I am running my usual route – along the river – when I come across my second dead homeless man of the week. He is at the top of the stairs which lead to Palackého Bridge and is contorted in a manner which leaves little question about his condition. Nevertheless, I stare at his chest hoping to glimpse some movement. It does not come. I jog in place for a moment and look around. I am alone.

He is, was, younger, than the other man and doesn’t have the same hardened look. An ambulance comes around the corner and rolls down the road without hurry, so I trot off across the bridge and point at the body. The driver nods at me.

I instantly desire to block this memory, but several facts make this difficult. In the first place, I am running, and there’s little else to do on a run but think. And if you’ve just seen a dead body – your second in seven days – you are going to think about that. Moreover, I have no food to distract my baser instincts and I was gifted a hereditary obsessive thought process as though it were a cabin in upstate New York.

The next ten minutes are dedicated to building this guy’s life story. I dress him up in different clothing, put him into various situations, and draw his mother with my brain. He’s from some little town in south Bohemia where he cooked with his grandmother on Sunday afternoons, had a dog, and wanted to be a baker.

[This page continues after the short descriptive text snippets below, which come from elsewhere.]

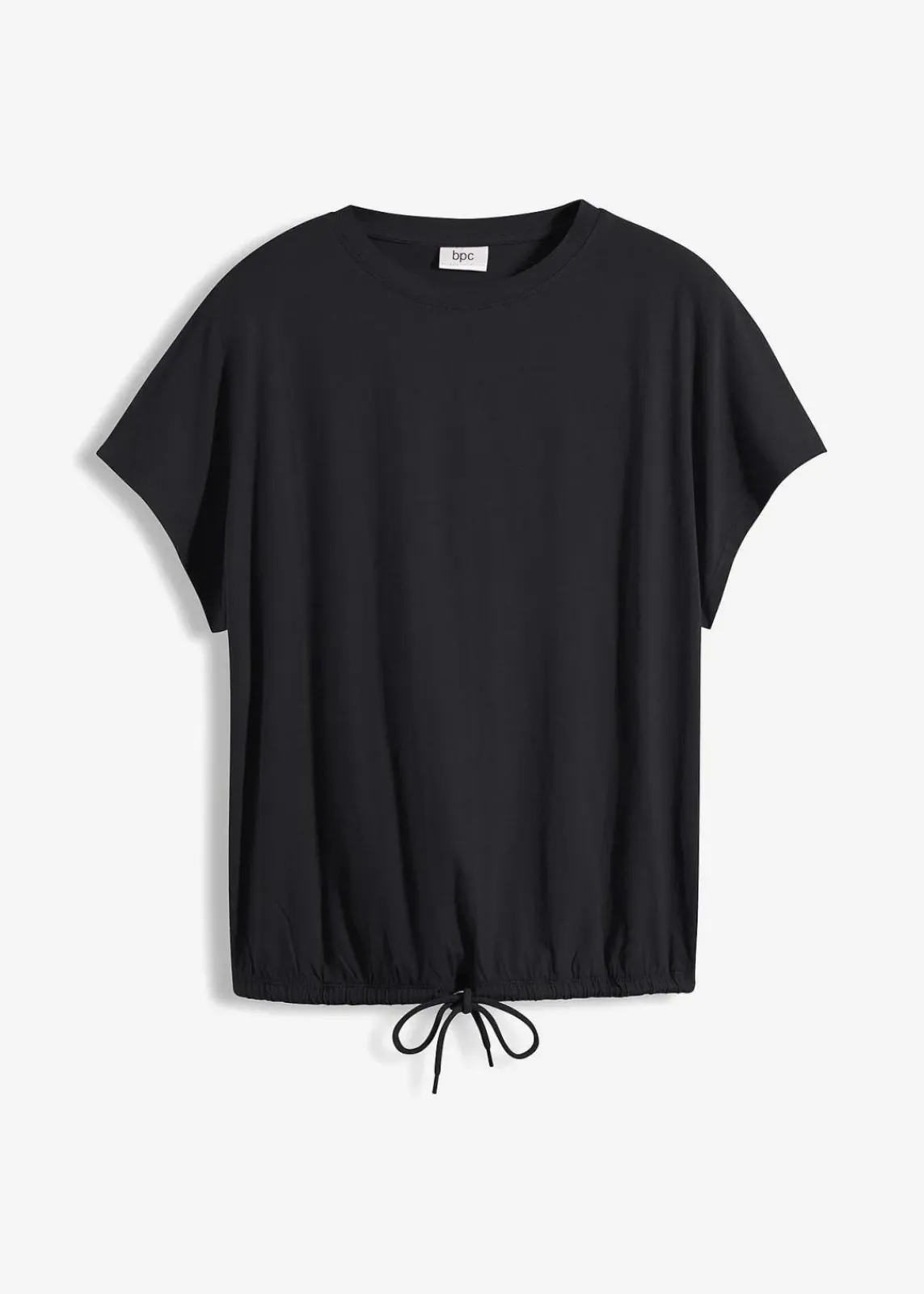 bonprix Shirts & Tops^Shirt mit Bindedetail am Saum aus Baumwolle-Viskose-Mix schwarz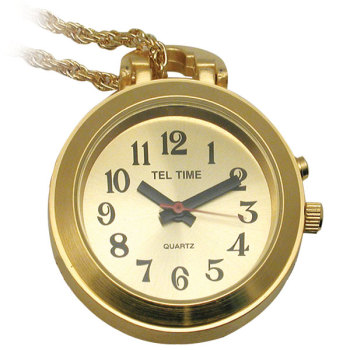 Tel-Time Talking Pendant Ladies Watch - Gold-Tone w-Chain - 1 Button Tel-Time Talking Pendant Ladies Watch - Gold-Tone w-Chain - 1 Button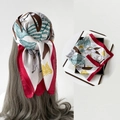 Floral satin square silk scarf with white background, red border and butterfly prints - L7343-Red Edge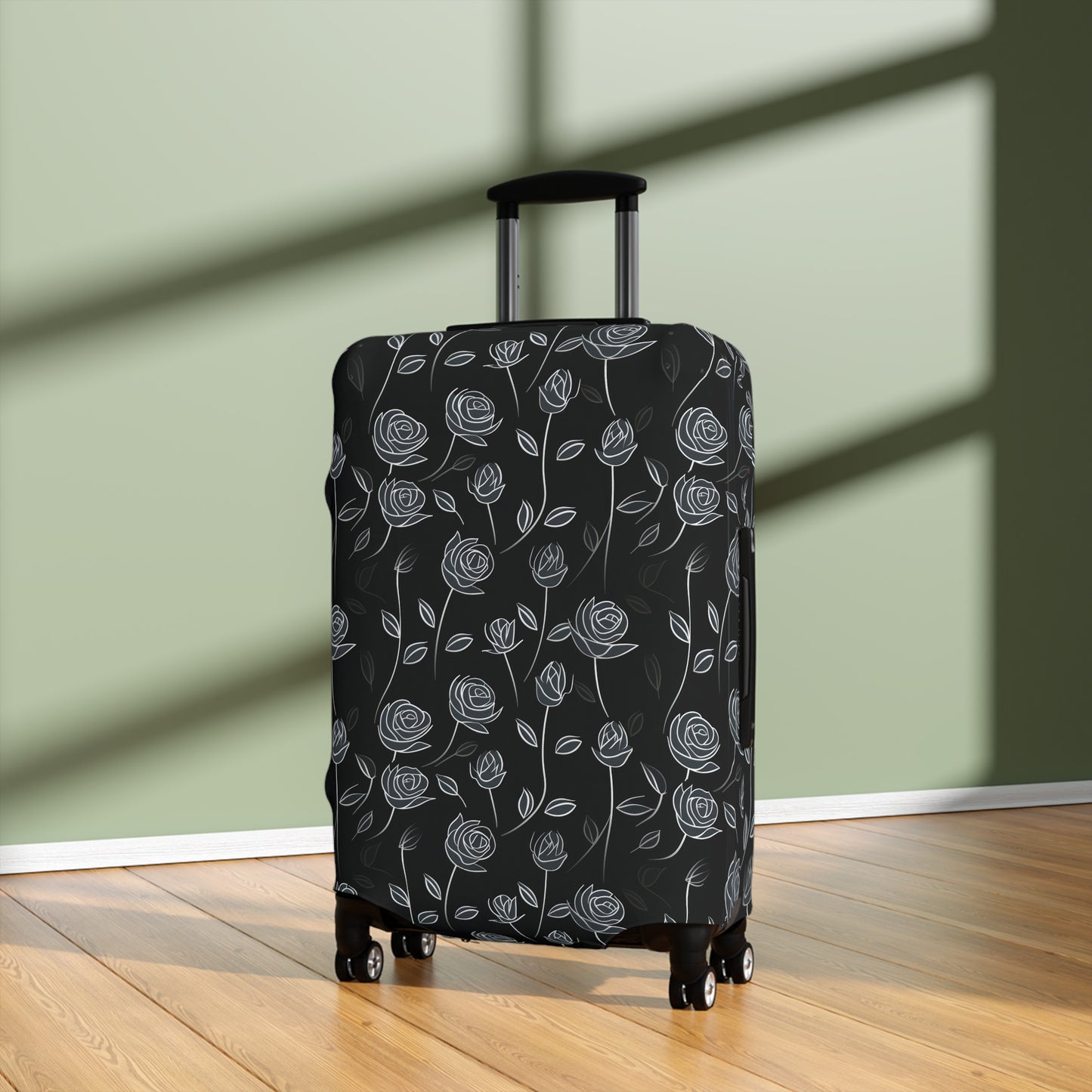 Contrasting Elegance: White Outlined Roses on a Black Background  - Luggage Protector and Cover 3 Sizes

This whole thing degrades into guilt. Guilt is the byproduct of my Catholic upbringing and the greasy twin sister of my obsessive thought process. There is guilt over not being able to help. There is guilt over living in a comfortable flat too big for me. There is guilt over the fact that I fed my cat leftover duck this morning while this guy was dying. There is guilt over my second sausage sandwich. There is guilt now over writing this post – will people think I’m mocking a dead person? I am not. Am I being too lighthearted about this? I am not trying to be, but I still feel guilty.

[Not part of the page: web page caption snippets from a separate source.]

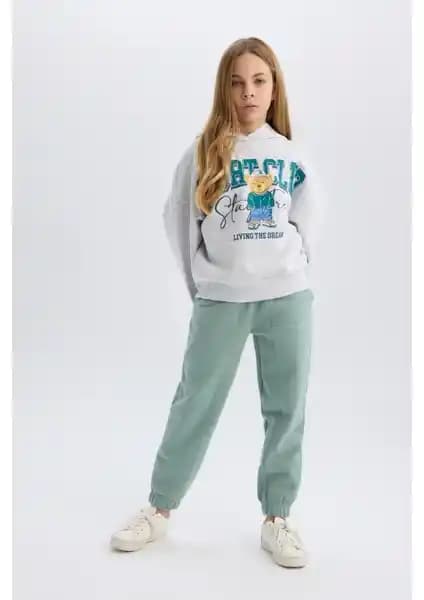 DeFacto Kız Çocuk Beli Paçası Lastikli Jogger Eşofman Altı Günlük Rahatlık İçin Uygun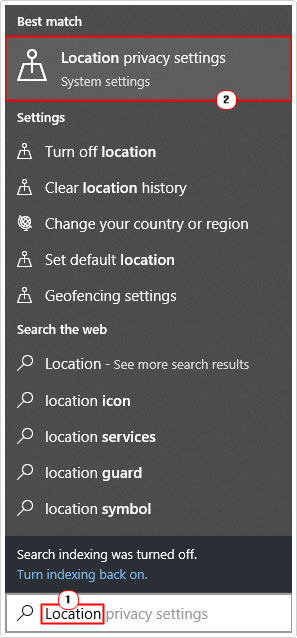 click on Location privacy settings from search box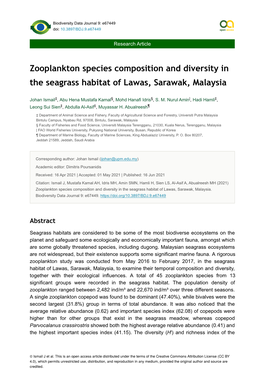 Zooplankton Species Composition and Diversity in the Seagrass Habitat of Lawas, Sarawak, Malaysia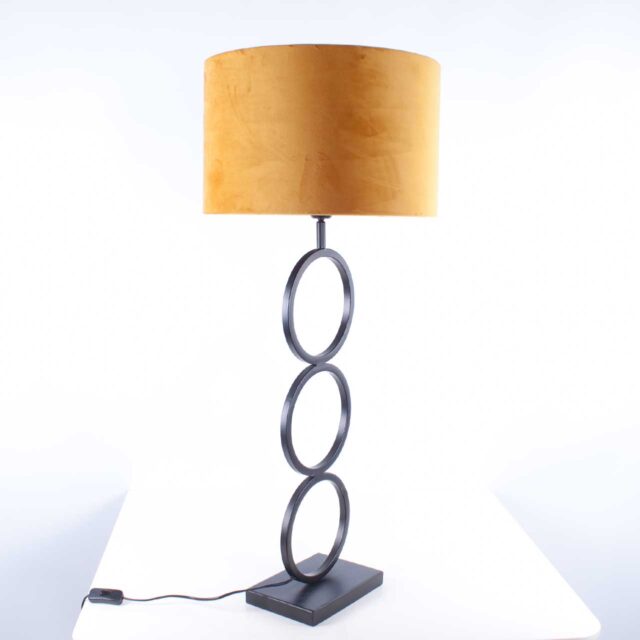 Moderne tafellamp zwart | kap velours geel | goud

Welcome to my brain. Come for the obsession compulsion, stay for the crippling guilt.

By the time I have looped the river and come back to the where I first saw him, guilt has trickled into paranoid conspiracy. I was the only person at both places to see these men. Where the hell was everyone else? Where were the authorities? I jog up the steps, seeing the quiet lights on the ambulance. The guy is inside, I guess. The paramedics are smoking and chatting. The driver nods to me as though I brought this whole thing on, but I want no part of it. I feel like the Grim Reaper for homeless alcoholics, a job I did not ask for.

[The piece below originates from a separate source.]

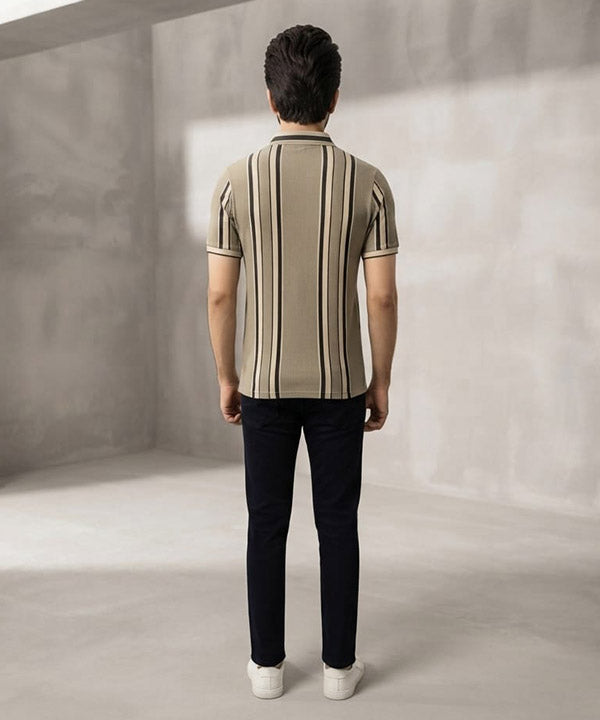 MEN'S T-SHIRT COLLAR BEIGE STRIPE Old Money TSH-7161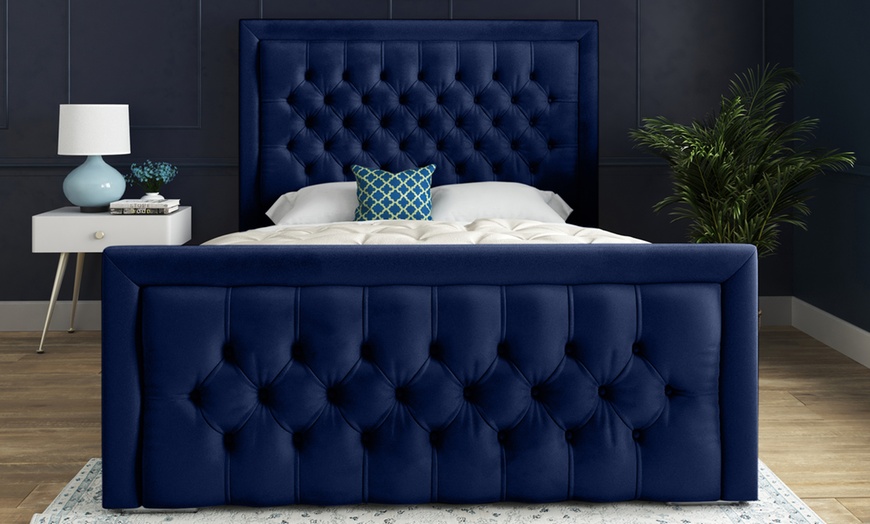 Image 8: DS Home Living Upholstered Soft Velvet Bed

I finish my jog, hoping that all homeless, living and dead, just stay the hell out of my way.

  1. #1 by Kelly on November 7, 2013 - 1:04 am

    Not that I see dead homeless people on a regular basis, but I can totally relate to this. It’s one of the reasons I no longer watch the news. I can’t take the guilt. I put on a documentary about the black market organ trade earlier today and it showed all these Philippinos living in shacks and under shacks who were selling their kidneys to buy appliances and I just felt like an asshole. But what do we do?

    Also, it’s crazy how different things are in the rest of the world. Living in America, I have the privilege of not being faced with death on a regular basis but other places it’s just so in your face. I was in Sarajevo two years ago and there was a dead dog on a busy commercial avenue and people were just stepping around it like it was no big deal. No one even seemed to notice. Even that made me very sad. It truly is unbelievable when you think how vast the gap is between those who are fortunate and those who aren’t.

  2. #2 by Damien Galeone on November 8, 2013 - 11:14 am

    Yeah, I totally agree, K. It’s just disturbing at times. Hey – side note, I was trying to get on your site and I am having trouble. Are you having technical difficulties at the moment?